Die Autorenkonferenz, die im Sinne einer Ideen-Werkstatt die wichtigsten Trends zusammenfassen und interpretieren soll, wird gemeinsam vom Bundesforum Männer, der Hochschule Merseburg und der Stiftung Männergesundheit veranstaltet.

Neuerscheinung: Sexualität von Männern – Dritter Deutscher Männergesundheitsbericht

Obwohl das wissenschaftliche Interesse an männlicher Sexualität in den letzten Jahren gewachsen ist, fehlen zu vielen Aspekten belastbare Daten. Vor diesem Hintergrund wirft der Dritte Deutsche Männergesundheitsbericht einen aktuellen Blick auf die vielseitigen Facetten der Sexualität von Jungen und Männern sowohl aus sozialwissenschaftlicher als auch aus medizinischer Perspektive. 40 Expertinnen und Experten analysieren in 31 Beiträgen den Stand der Forschung, zeigen Defizite auf und geben umfangreiche Handlungsempfehlungen.

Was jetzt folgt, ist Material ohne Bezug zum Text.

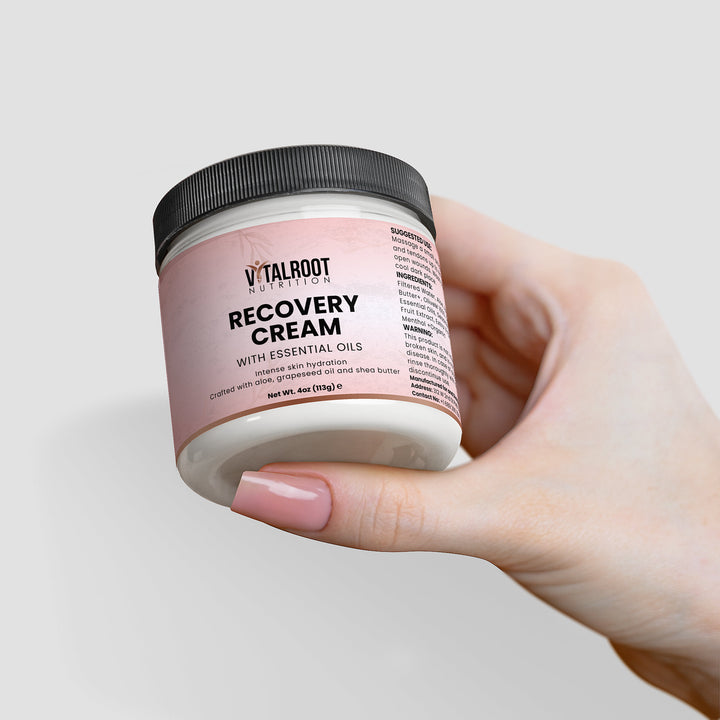 Hand holding a jar of Vitalroot Recovery Cream against a light background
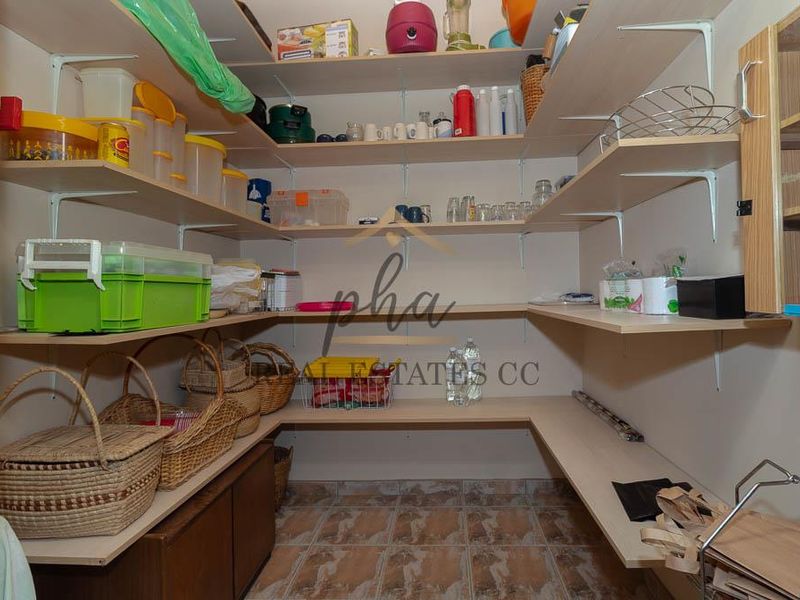 A functional walk-in pantry or scullery area featuring extensive built-in shelving and durable tiled flooring for organized storage.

SOWIT hat zwei Kapitel zum Dritten Deutschen Männergesundheitsbericht beigesteuert. Von Gunter Neubauer stammt das Kapitel 2.2 "Sexuelle Gesundheit von Jungen bis zur Pubertät", von Reinhard Winter das Kapitel 2.3 "Sexuelle Gesundheit männlicher Jugendlicher. Indikatoren männlicher sexueller Jugendgesundheit".

Der Dritte Deutsche Männergesundheitsbericht wird herausgegeben von der Stiftung Männergesundheit und erscheint im Psychosozial-Verlag.

SOWIT begleitet das Projekt „Männer – Bildung – Männerbildung“

Das Projekt mit einjähriger Laufzeit (April bis Dezember 2017), das vom vhs-Verband Baden-Württemberg und von der Ev. Landesarbeitsgemeinschaft der Familien-Bildungsstätten in Württemberg (LEF) getragen und vom Kultusministerium des Landes gefördert wird, fragt danach, wie Erwachsenenbildung für Männer gestaltet sein muss, damit sie ankommt. Das Projekt sucht dazu aktive Einrichtungen und Fachkräfte, die Bildungsangebote für Männer im lokalen Kontext interessanter machen wollen, und bietet eine Begleitung von Aktivitäten vor Ort in Fokus- oder Praxisgruppen mit Aktivierungs- und Umsetzungsperspektive.

Das Projekt geht von der Lebenssituation sowie von aktuellen Fragen und Bedarfen von Männern aus und greift diese in dialogischen, beteiligungsorientierten Prozessen auf, so dass diese in Bildungs- und Weiterbildungsangebote umgesetzt werden können. In einem zugleich inklusiven Ansatz sollen (Fach-) Männer aller Bevölkerungsgruppen angesprochen werden.

Mit dem Projekt soll erreicht werden, dass in Bildungs- und Weiterbildungsangeboten mehr Männer angesprochen und erreicht werden können. Der Dialogprozess findet in Fokus- oder Praxisgruppen vor Ort statt, in die sowohl Haupt- und Ehrenamtliche als auch Männer aus dem Sozialraum dazu eingeladen werden, relevante Themen zu diskutieren und neue Formate für Männerbildung zu entwickeln. Hierfür werden an fünf Standorten Fokus- oder Praxisgruppen eingerichtet, die sich mit den relevanten Fragestellungen befassen und zusammen einen deutlichen Schritt in die Umsetzung gehen.